* Supplied data *
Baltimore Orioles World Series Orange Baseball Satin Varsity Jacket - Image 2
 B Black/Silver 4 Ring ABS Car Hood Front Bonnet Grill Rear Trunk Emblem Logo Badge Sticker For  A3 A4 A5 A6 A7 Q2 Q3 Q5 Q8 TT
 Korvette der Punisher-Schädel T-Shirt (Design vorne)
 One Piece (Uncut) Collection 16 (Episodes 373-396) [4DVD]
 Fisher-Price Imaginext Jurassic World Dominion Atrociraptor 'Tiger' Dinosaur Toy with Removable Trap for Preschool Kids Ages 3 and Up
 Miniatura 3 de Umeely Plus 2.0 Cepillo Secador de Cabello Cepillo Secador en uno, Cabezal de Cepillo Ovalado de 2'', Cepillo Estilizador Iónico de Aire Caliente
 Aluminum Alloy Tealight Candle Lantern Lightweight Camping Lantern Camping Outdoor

* Task statement *
Everything from the line holding "One Piece (Uncut)" through the final line of the material must be given again exactly, and nothing outside that stretch.

* Solution to the problem *
 One Piece (Uncut) Collection 16 (Episodes 373-396) [4DVD]
 Fisher-Price Imaginext Jurassic World Dominion Atrociraptor 'Tiger' Dinosaur Toy with Removable Trap for Preschool Kids Ages 3 and Up
 Miniatura 3 de Umeely Plus 2.0 Cepillo Secador de Cabello Cepillo Secador en uno, Cabezal de Cepillo Ovalado de 2'', Cepillo Estilizador Iónico de Aire Caliente
 Aluminum Alloy Tealight Candle Lantern Lightweight Camping Lantern Camping Outdoor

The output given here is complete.